My father never cares about his fame. The first priority for him is to create a comfortable environment for all of us and try to have it not be corrupted by unnecessary circumstances. Therefore, we never find him talking about his own knowledge. In fact, he will indicate to you that he knows nothing! For example, in his younger days in Tibet, after he finished his thorough education, my father left several palm and footprints in rocks as signs of his achievement, which are still visible to this day and remain as objects of homage for devout pilgrims. However, I, as his own son, never heard a word from him until today about these things. I am very tempted to hear something from him about his divine knowledge and how he did those marvelous drawings and handprints on the rock but my mother warned me numbers of times not to ask him directly because he could have got annoyed as he wants this to be secret. I understand why, because unlike many of us, he does not want to show himself off and get caught by fame. Not only that, it may be that it is not meant to be mentioned at this point of time in this age, and to people like me he is seen instead as merely a beautiful, loving father. I, myself, would also not feel so at ease to ask him of these things, as he is so warm and human to me. Therefore, I have had no perseverance to question him directly.

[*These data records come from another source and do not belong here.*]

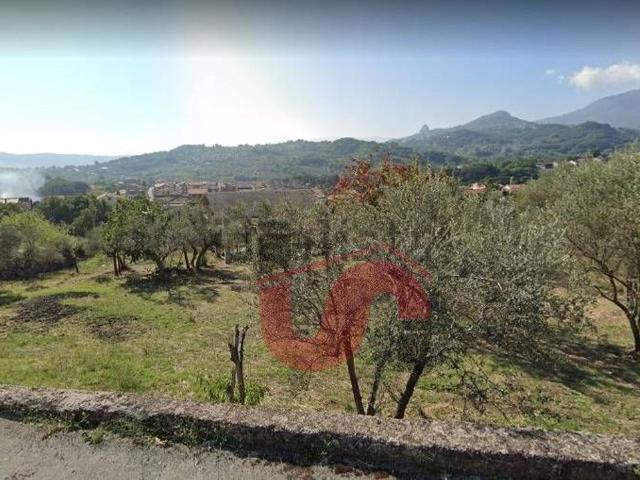 Terreno in vendita a Cautano, Campania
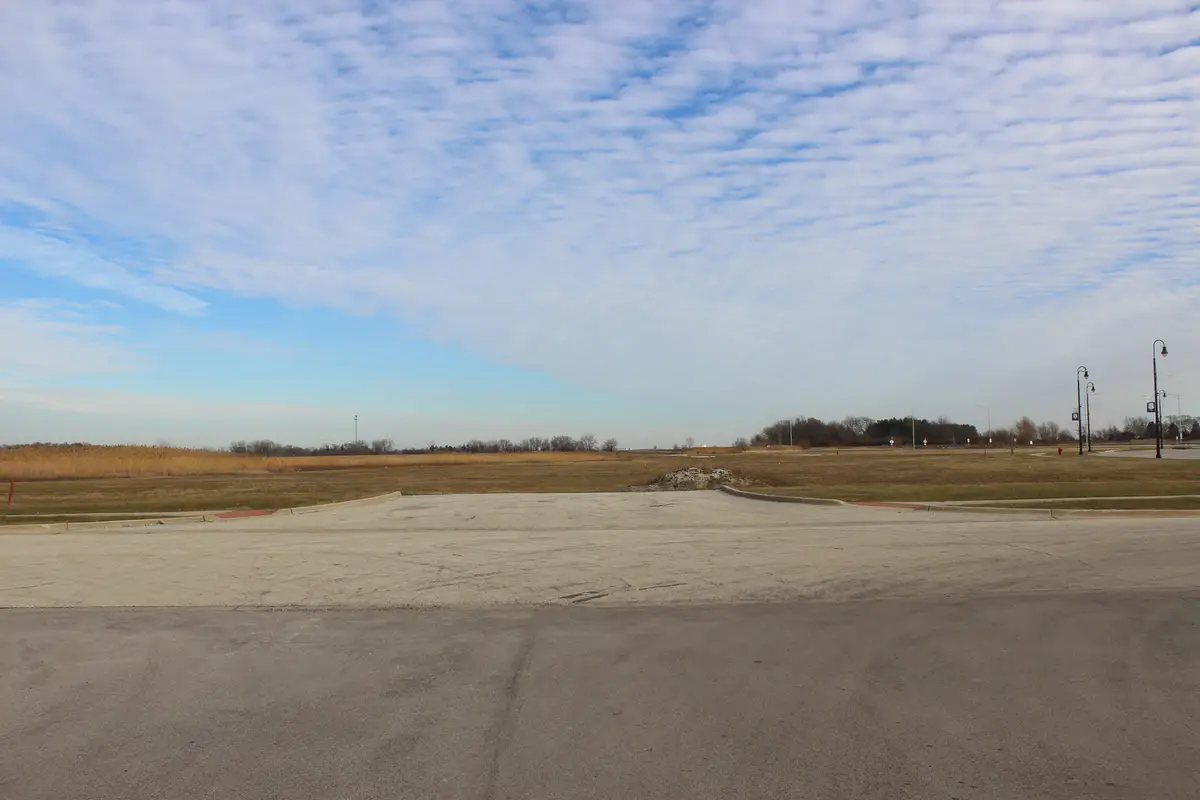 Lot 4 E Lincoln-way Drive, Elwood, IL 60421 - #1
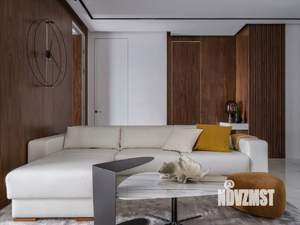 3-к квартира, вторичка, 115м2, 8/11 этаж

Due to the divine realization and compassion, those who meet with my father and receive teachings from him will always be spiritually encouraged and one-pointedly motivated to work for the benefit of every being. For that, I really admire him, and therefore, recently, I requested him to give more teachings to those monks, nuns and devotees from different parts of the world. He said nothing but laughed. Eventually, my mother told me that he said he would teach because I have requested him. True enough, nowadays, he is making himself available one month or so in a year to give commentaries on various teachings of the spiritual path at his own new seat (Zhichen Bairo Ling) in Kathmandu. I feel quite sorry for not asking him to teach during those early years. What a waste! Not one of us ever had any idea of requesting him to give teachings on realization. Instead, many of us have used him as a repairer of watches, tape recorders, radios and a lot of other junk, because he can repair almost every manual machine. I remember my father was once very interested in developing films. He had several of those developing machines to play with. Obviously, people liked the idea of having somebody there doing the job for free. Everyday, he had something to do. My mother was not very happy with the idea of him working under the bright light with a magnifying glass, sitting there gazing at the machine for many hours everyday. She thought it might deteriorate his eyesight and the systems of circulation in his body. Therefore, she requested him not to do those things any more. Normally, knowing my father, he would never stop his favorite hobbies whatsoever, but knowing that this request was coming from the genuine love and care of my mother, my father left his hobby within a month. Ever since then, I have not seen those machines at all. I wonder what happened to them! They may have spoiled after years of not being used due to the humidity of the Himalayan valley.
Well, there are lots of things to write but that is all for the time being.